So why test it at all? Firstly, because we need an AI benchmark, and a bad one is still better than not having one at all. Secondly, if MKL on Windows is the problem, then by publicizing the test, it might just put a boot somewhere for MKL to get fixed. To that end, we’ll stay with the benchmark as long as it remains feasible.
We saw a few instances where the 35W/45W results were almost identical, with the margin that the 35W would come out ahead in single threaded tasks. This may be because 35W was a fixed setting in the software options, whereas 45W was the power management framework in action.
3D Particle Movement v2.1: Non-AVX and AVX2/AVX512
This is the latest version of this benchmark designed to simulate semi-optimized scientific algorithms taken directly from my doctorate thesis. This involves randomly moving particles in a 3D space using a set of algorithms that define random movement. Version 2.1 improves over 2.0 by passing the main particle structs by reference rather than by value, and decreasing the amount of double->float->double recasts the compiler was adding in.
The initial version of v2.1 is a custom C++ binary of my own code, and flags are in place to allow for multiple loops of the code with a custom benchmark length. By default this version runs six times and outputs the average score to the console, which we capture with a redirection operator that writes to file.
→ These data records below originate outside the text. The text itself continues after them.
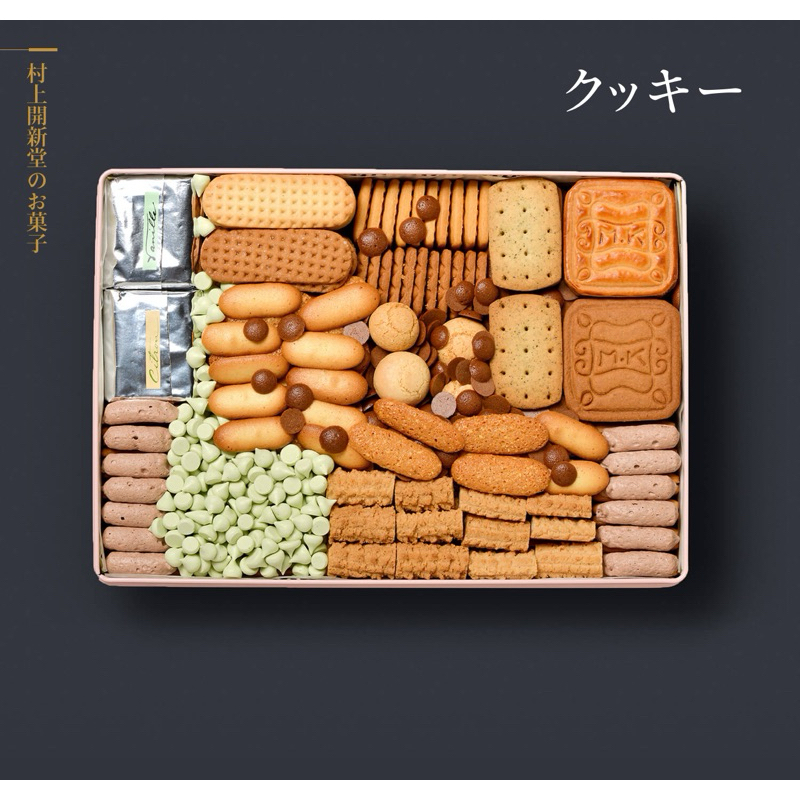 未開封/賞味期限2月上旬★村上開新堂 村上開新堂のお菓子 | 村上開新堂 MURAKAMI KAISHINDO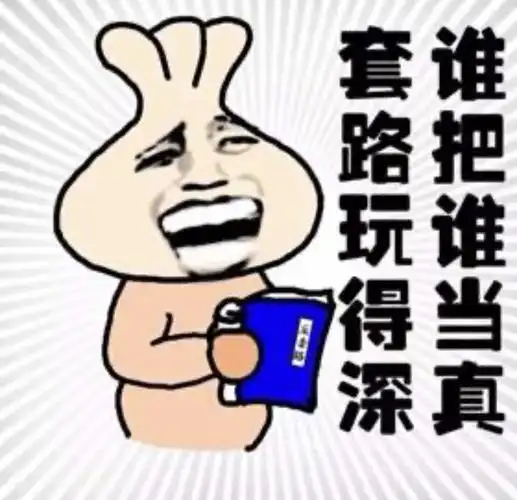 〈微小说·外国通〉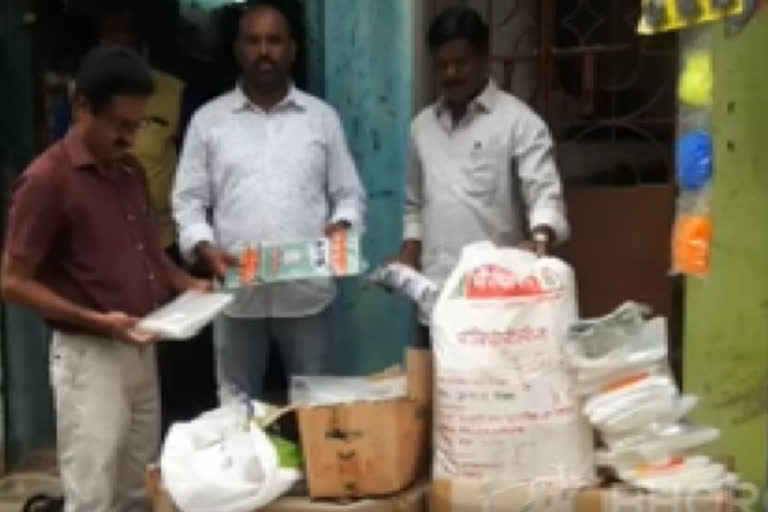 Vellore  Banned plastics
For v2.1, we also have a fully optimized AVX2/AVX512 version, which uses intrinsics to get the best performance out of the software. This was done by a former Intel AVX-512 engineer who now works elsewhere. According to Jim Keller, there are only a couple dozen or so people who understand how to extract the best performance out of a CPU, and this guy is one of them. To keep things honest, AMD also has a copy of the code, but has not proposed any changes.
The 3DPM test is set to output millions of movements per second, rather than time to complete a fixed number of movements.
y-Cruncher 0.78.9506: www.numberworld.org/y-cruncher
If you ask anyone what sort of computer holds the world record for calculating the most digits of pi, I can guarantee that a good portion of those answers might point to some colossus super computer built into a mountain by a super-villain. Fortunately nothing could be further from the truth – the computer with the record is a quad socket Ivy Bridge server with 300 TB of storage. The software that was run to get that was y-cruncher.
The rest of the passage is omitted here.